PROBLEM DESCRIPTION:
A faithful copy of the listing below is needed, one that contains no pictures.

PROVIDED INFORMATION:
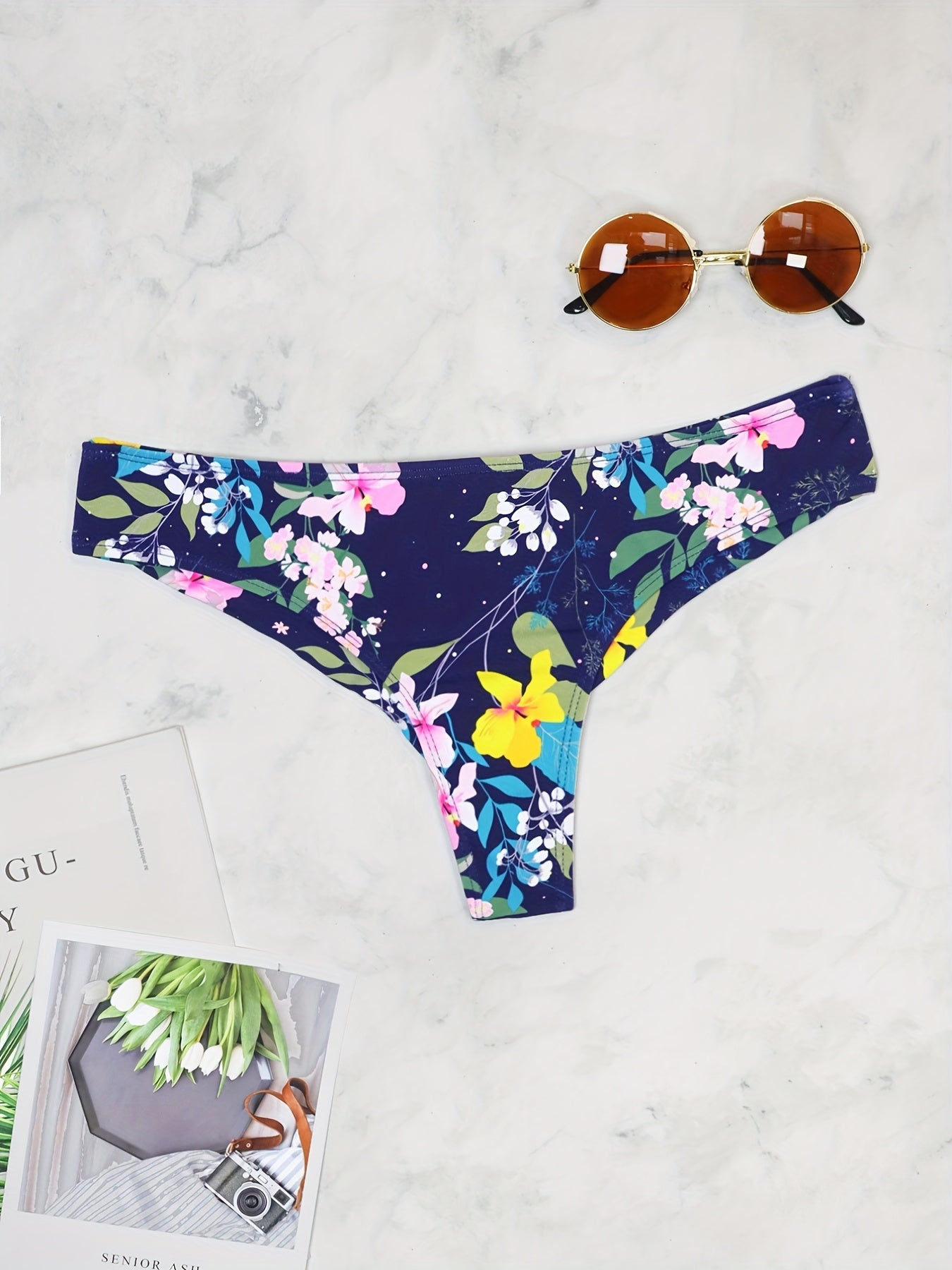 Floral Print High Stretch Sexy Swim Briefs Low Waist Stylish Swimsuit Bottoms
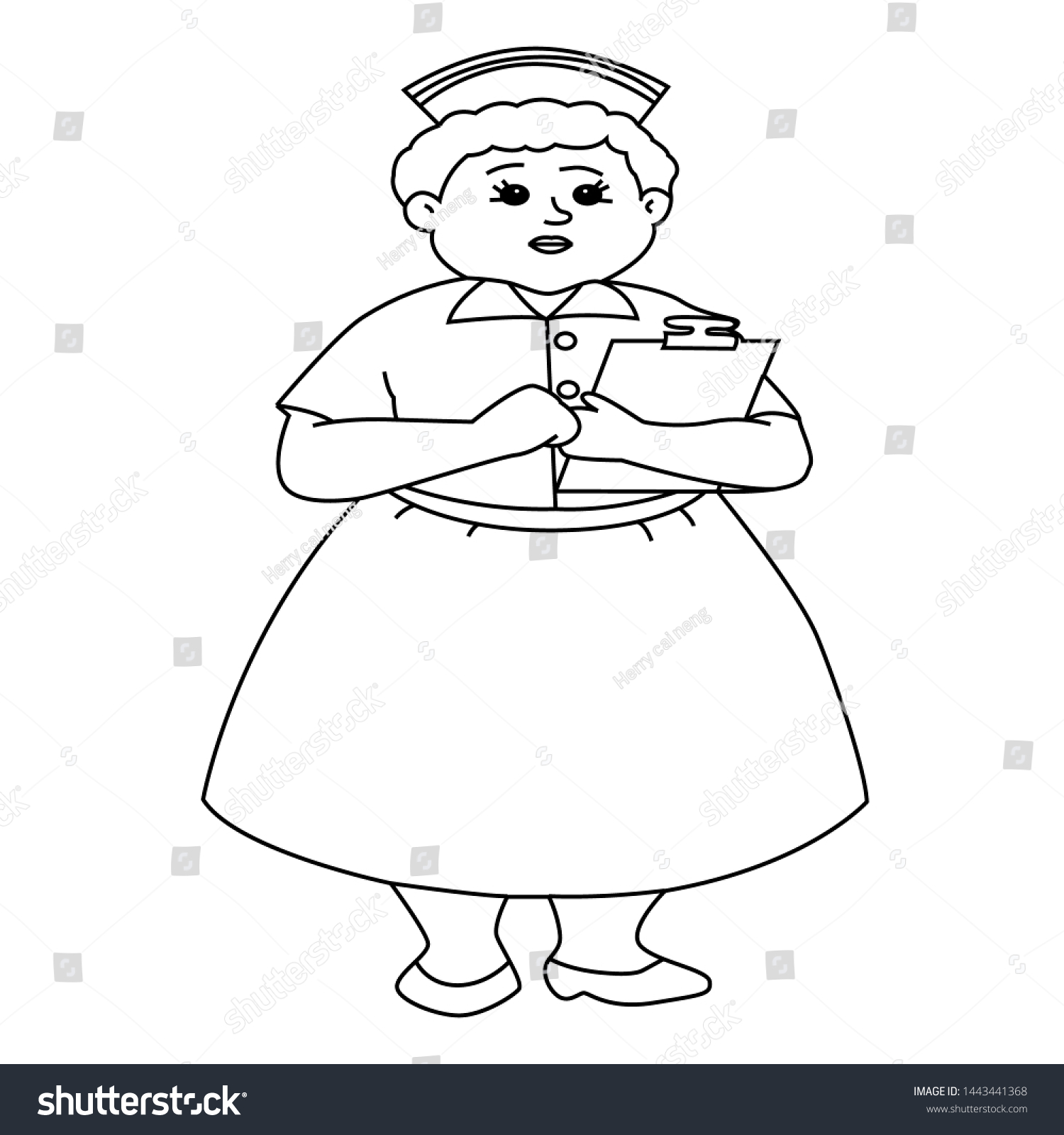 Sisternurse Design Line Vector Illustration Can Stock Vector (Royalty ...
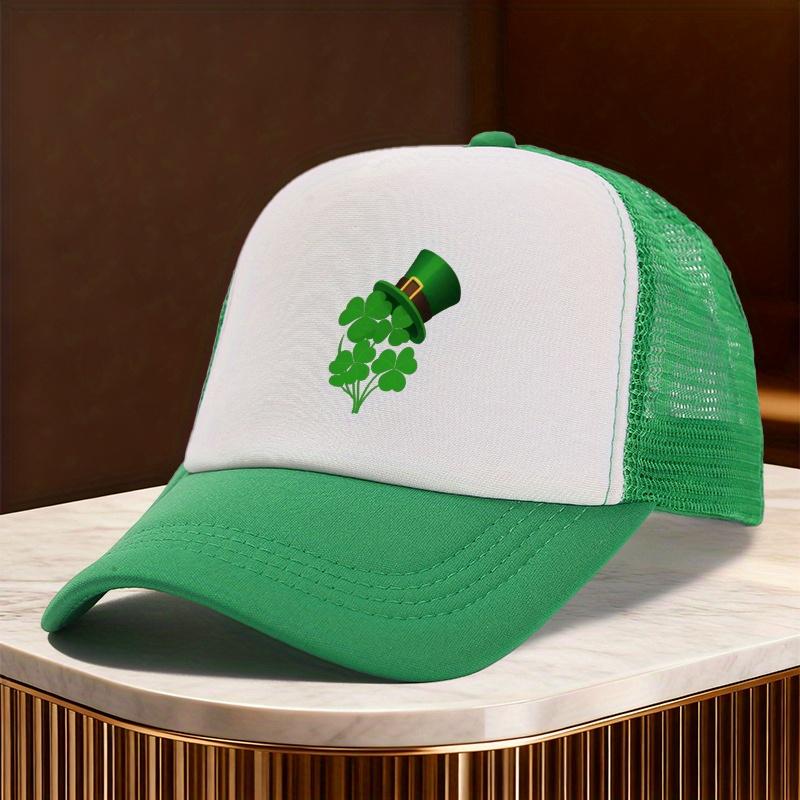 Irish Shamrock Leprechaun Hat Trucker Hat Mesh Adjustable Unisex Casual Baseball Cap for St Patrick Day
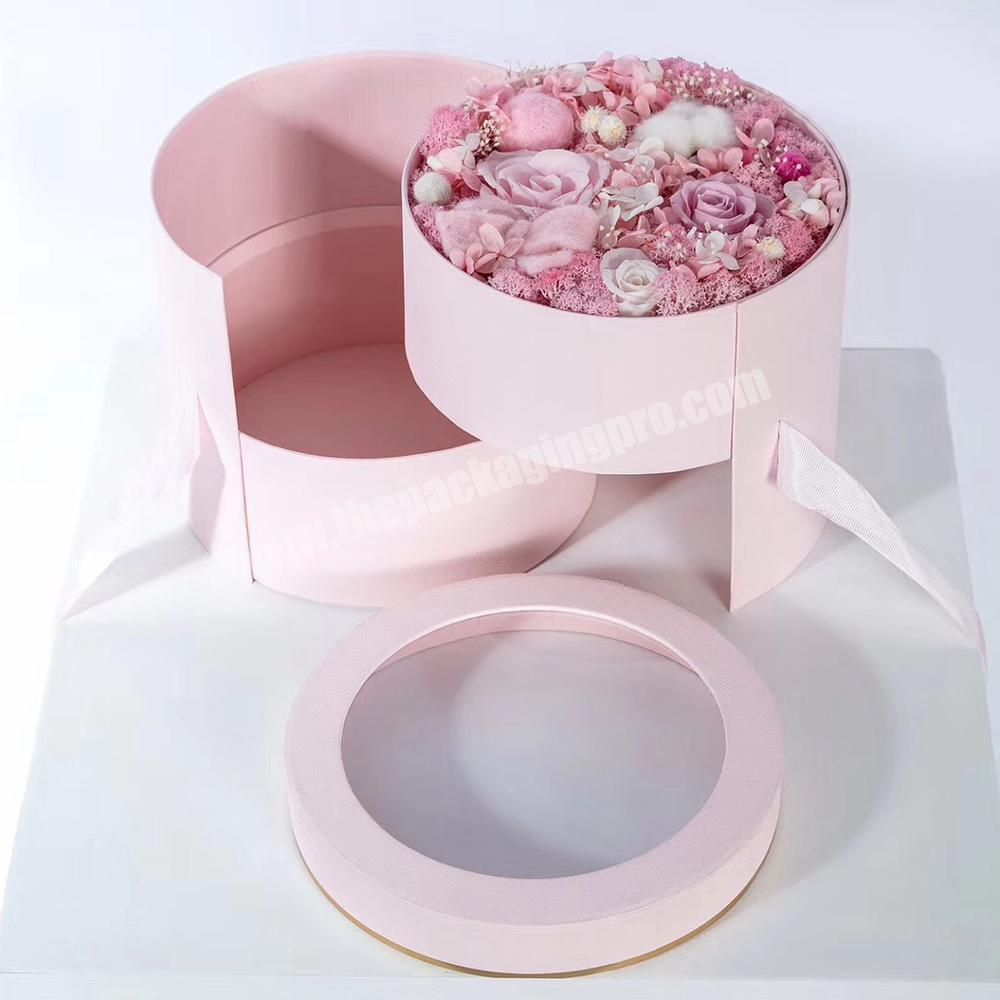 Biodegradable Bouquet Box Square Cajas De Carton.Para Ramo De Flores 2 Layer Round Flower Box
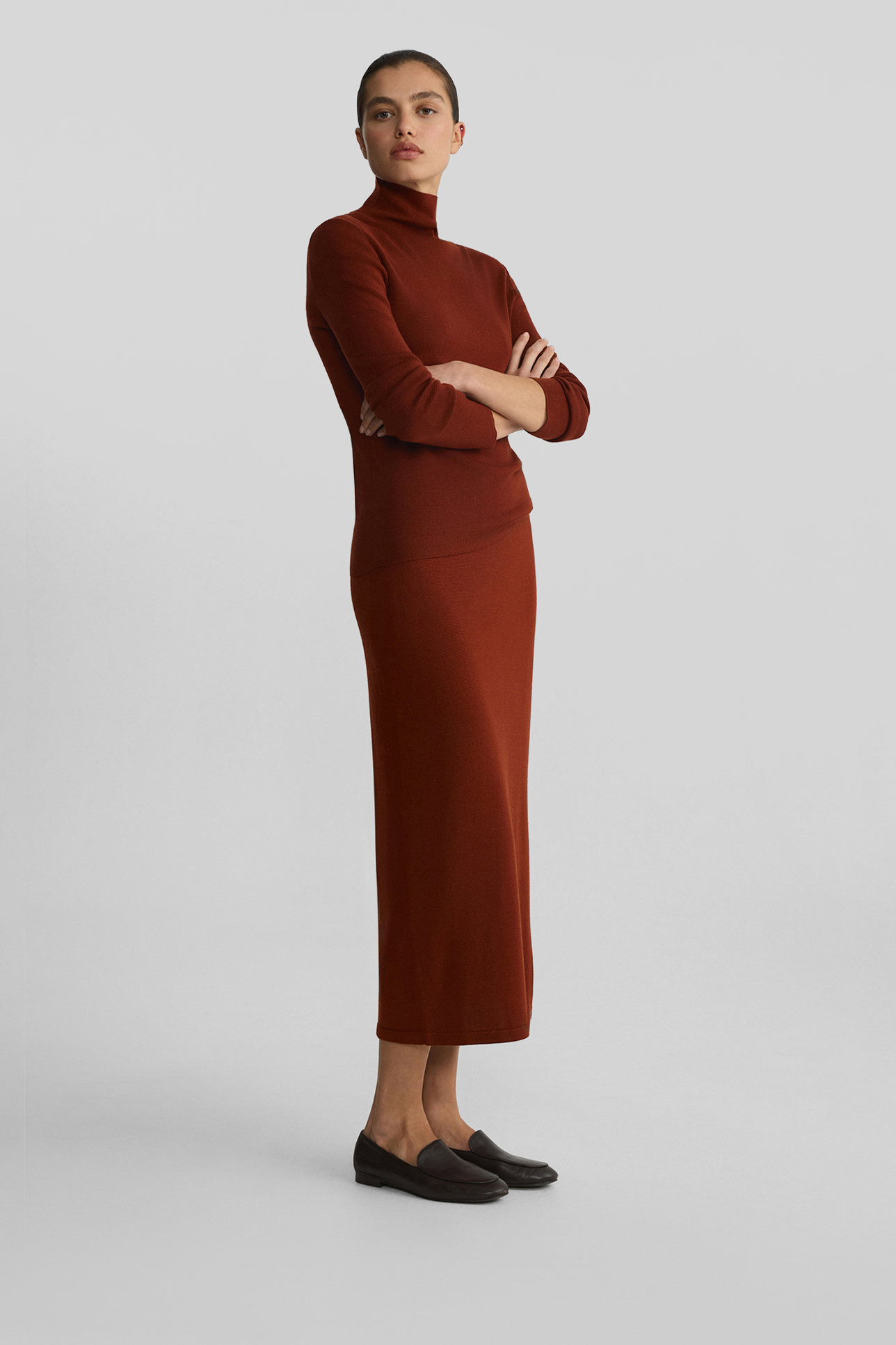 

Водолазка из шерсти мериноса терракотового цвета, S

SOLVED EXERCISE:
 Floral Print High Stretch Sexy Swim Briefs Low Waist Stylish Swimsuit Bottoms
 Sisternurse Design Line Vector Illustration Can Stock Vector (Royalty ...
 Irish Shamrock Leprechaun Hat Trucker Hat Mesh Adjustable Unisex Casual Baseball Cap for St Patrick Day
 Biodegradable Bouquet Box Square Cajas De Carton.Para Ramo De Flores 2 Layer Round Flower Box

Водолазка из шерсти мериноса терракотового цвета, S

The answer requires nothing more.